Thursday, March 25, 2010

The Read-Aloud Streak

For those of you who’ve been following along for awhile, you already know how passionately I believe in reading aloud together.

I’m privileged to serve on the Bank Street Children’s Book Committee, and one of the great pleasures I derive from the many hours we spend together discussing books is when one of the members says, “Just listen to the language here,” or “look how playful the rhythms are in this section,” and he or she proceeds to read aloud the author’s words. To sit back and let the words wash over me is sheer heaven. I have never outgrown it. And if you are truly honest with yourself, you haven’t outgrown it either. There is nothing like the sound of a true storyteller’s voice.

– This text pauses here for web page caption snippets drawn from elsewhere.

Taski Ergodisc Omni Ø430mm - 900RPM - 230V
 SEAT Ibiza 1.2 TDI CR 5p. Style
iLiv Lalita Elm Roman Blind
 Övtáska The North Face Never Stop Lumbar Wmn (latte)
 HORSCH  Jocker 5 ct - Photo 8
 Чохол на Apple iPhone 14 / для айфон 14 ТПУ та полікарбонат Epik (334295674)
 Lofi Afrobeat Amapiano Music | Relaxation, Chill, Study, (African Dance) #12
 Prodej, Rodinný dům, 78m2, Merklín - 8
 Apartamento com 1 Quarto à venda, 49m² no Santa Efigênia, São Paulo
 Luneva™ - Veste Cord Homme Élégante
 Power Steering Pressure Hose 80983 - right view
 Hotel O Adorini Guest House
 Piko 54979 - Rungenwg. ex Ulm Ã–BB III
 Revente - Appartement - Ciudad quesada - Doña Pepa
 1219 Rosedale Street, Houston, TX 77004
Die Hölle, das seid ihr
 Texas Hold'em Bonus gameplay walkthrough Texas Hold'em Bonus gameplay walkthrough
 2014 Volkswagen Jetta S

That brings me to the piece I discovered in last Sunday’s New York Times. A father and daughter had started what they deemed, “The Streak”—a read-aloud streak. Kristen and Jim Brozina began to read aloud together on November 11, 1997, when Kristen was in fourth grade, and read for 3,218 straight nights until her first day of college. At a time when their family’s composition was changing (Kristen’s mother left the family, and her older sister left for college), this father-daughter read-aloud ritual became a stabilizing force for them both.

And what did I think of? Another parent and child who share a love of books and, more specifically, poetry: Julie Andrews and her daughter, Emma Walton Hamilton. They share a love of writing poetry, too, and include some of their own works in Julie Andrews’ Collection of Poems, Songs, and Lullabies, illustrated by the wonderful James McMullan. Music is another powerful way into words and literacy, too, and the mother-daughter selectors include a wide range of song lyrics, not only diverse in their uplifting or melancholy tones, but also in their level of sophistication. There is plenty here for the entire family to enjoy.